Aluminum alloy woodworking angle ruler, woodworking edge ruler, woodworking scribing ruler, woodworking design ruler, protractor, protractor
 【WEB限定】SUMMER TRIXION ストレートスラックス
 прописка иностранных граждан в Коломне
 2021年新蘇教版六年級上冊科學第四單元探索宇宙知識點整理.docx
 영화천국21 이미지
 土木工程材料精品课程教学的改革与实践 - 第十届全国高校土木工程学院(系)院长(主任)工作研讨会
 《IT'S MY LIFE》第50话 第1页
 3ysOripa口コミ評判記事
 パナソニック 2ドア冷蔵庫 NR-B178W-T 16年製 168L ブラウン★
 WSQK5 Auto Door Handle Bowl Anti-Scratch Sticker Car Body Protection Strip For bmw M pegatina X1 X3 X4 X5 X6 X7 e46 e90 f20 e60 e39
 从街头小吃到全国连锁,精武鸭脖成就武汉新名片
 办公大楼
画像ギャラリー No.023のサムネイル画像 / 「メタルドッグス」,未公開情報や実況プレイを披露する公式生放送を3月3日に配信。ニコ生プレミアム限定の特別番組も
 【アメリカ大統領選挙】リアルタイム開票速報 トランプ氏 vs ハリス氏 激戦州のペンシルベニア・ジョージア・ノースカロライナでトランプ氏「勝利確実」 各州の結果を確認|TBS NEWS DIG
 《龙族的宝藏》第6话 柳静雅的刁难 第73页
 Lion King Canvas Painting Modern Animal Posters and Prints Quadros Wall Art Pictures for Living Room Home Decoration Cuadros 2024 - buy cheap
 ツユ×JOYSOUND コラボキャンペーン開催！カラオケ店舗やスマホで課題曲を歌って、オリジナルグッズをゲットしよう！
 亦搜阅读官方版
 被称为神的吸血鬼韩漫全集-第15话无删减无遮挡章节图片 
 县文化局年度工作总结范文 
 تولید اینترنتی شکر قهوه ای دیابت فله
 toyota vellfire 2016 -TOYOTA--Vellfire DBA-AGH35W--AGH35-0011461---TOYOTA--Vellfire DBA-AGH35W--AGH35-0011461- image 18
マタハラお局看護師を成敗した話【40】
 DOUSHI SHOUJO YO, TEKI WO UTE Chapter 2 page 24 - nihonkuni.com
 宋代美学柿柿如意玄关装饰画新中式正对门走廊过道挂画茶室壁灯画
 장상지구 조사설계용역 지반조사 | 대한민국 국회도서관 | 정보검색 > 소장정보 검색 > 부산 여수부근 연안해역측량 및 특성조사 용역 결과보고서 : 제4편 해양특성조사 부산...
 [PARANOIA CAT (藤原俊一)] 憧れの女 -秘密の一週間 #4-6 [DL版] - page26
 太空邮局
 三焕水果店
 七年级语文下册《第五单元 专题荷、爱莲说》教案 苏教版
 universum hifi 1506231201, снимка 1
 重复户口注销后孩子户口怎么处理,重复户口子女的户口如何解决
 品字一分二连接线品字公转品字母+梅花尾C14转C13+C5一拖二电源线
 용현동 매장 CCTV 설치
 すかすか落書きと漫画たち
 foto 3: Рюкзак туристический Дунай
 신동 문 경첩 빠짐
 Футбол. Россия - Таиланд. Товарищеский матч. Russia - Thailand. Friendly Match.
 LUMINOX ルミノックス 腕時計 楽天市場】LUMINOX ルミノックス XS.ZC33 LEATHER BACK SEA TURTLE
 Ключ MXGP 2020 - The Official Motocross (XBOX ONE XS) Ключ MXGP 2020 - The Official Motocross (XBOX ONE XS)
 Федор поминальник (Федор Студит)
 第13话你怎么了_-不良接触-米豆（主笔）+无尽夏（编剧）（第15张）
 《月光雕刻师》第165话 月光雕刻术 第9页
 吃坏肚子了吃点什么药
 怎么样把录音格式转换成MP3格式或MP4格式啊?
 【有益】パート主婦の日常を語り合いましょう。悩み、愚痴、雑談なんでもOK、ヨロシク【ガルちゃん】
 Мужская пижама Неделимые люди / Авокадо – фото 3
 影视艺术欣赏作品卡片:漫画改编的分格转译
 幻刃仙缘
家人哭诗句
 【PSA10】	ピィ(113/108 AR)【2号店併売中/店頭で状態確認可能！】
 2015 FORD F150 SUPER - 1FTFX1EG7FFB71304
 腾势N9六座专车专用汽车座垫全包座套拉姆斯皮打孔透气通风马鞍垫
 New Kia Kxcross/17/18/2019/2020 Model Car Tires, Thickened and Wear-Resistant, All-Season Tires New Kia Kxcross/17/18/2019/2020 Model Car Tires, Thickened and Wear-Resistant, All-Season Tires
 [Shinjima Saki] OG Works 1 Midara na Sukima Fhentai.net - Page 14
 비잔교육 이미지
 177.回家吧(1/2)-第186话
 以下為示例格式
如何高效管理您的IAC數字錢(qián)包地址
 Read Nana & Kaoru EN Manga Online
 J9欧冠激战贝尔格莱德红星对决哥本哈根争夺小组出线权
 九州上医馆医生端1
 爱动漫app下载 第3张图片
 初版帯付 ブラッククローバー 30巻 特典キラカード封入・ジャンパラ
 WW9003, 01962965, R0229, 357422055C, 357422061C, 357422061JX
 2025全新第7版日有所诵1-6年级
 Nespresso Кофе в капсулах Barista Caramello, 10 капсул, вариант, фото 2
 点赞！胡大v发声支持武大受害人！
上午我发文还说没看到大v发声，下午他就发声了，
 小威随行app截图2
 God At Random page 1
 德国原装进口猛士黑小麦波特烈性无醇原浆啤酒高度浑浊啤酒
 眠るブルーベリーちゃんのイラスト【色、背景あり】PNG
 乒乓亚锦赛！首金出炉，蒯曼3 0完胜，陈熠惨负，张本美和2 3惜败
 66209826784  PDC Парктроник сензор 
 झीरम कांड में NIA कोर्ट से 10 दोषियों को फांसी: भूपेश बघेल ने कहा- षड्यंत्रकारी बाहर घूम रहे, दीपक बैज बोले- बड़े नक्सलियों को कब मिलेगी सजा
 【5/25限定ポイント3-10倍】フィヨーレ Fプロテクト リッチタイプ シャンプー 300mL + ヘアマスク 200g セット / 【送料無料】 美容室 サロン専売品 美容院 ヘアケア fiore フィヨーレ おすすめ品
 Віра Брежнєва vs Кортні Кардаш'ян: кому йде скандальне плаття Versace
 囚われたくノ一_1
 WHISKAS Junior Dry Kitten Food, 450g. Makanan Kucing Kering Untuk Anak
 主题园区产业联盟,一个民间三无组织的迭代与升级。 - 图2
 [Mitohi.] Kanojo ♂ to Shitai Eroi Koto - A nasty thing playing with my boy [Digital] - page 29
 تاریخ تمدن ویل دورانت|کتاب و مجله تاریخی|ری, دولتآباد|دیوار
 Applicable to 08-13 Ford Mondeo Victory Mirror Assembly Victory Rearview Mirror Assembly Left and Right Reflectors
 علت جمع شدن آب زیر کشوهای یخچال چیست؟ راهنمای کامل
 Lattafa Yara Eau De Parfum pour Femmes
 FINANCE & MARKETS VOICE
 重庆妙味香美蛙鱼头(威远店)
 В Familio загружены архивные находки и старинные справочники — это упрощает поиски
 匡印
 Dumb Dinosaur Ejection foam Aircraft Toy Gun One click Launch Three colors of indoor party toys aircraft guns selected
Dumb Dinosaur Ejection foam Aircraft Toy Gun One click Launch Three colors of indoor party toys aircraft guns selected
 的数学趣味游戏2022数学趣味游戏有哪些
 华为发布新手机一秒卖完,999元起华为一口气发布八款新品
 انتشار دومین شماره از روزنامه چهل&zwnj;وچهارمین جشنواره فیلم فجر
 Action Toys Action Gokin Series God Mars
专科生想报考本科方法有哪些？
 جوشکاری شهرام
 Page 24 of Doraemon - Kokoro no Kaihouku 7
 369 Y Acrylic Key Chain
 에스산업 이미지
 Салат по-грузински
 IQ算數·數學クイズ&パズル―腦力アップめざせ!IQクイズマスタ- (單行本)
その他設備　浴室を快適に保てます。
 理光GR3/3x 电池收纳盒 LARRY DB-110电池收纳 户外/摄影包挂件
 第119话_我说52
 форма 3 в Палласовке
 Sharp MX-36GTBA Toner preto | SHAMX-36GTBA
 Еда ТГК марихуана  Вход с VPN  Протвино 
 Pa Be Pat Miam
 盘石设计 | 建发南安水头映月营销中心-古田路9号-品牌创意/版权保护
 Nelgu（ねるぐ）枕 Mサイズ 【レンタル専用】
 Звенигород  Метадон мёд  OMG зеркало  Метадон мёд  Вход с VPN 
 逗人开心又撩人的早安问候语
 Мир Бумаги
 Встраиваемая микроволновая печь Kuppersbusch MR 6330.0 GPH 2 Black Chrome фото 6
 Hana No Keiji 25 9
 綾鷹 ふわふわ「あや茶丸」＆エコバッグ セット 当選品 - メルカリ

Aim of the task - Copy exactly the lines from the top of the entries through the line with "パナソニック 2ドア冷蔵庫 NR-B178W-T 16年製 168L ブラウン★" in it, please, keeping both ends and adding nothing.

Output -
Aluminum alloy woodworking angle ruler, woodworking edge ruler, woodworking scribing ruler, woodworking design ruler, protractor, protractor
 【WEB限定】SUMMER TRIXION ストレートスラックス
 прописка иностранных граждан в Коломне
 2021年新蘇教版六年級上冊科學第四單元探索宇宙知識點整理.docx
 영화천국21 이미지
 土木工程材料精品课程教学的改革与实践 - 第十届全国高校土木工程学院(系)院长(主任)工作研讨会
 《IT'S MY LIFE》第50话 第1页
 3ysOripa口コミ評判記事
 パナソニック 2ドア冷蔵庫 NR-B178W-T 16年製 168L ブラウン★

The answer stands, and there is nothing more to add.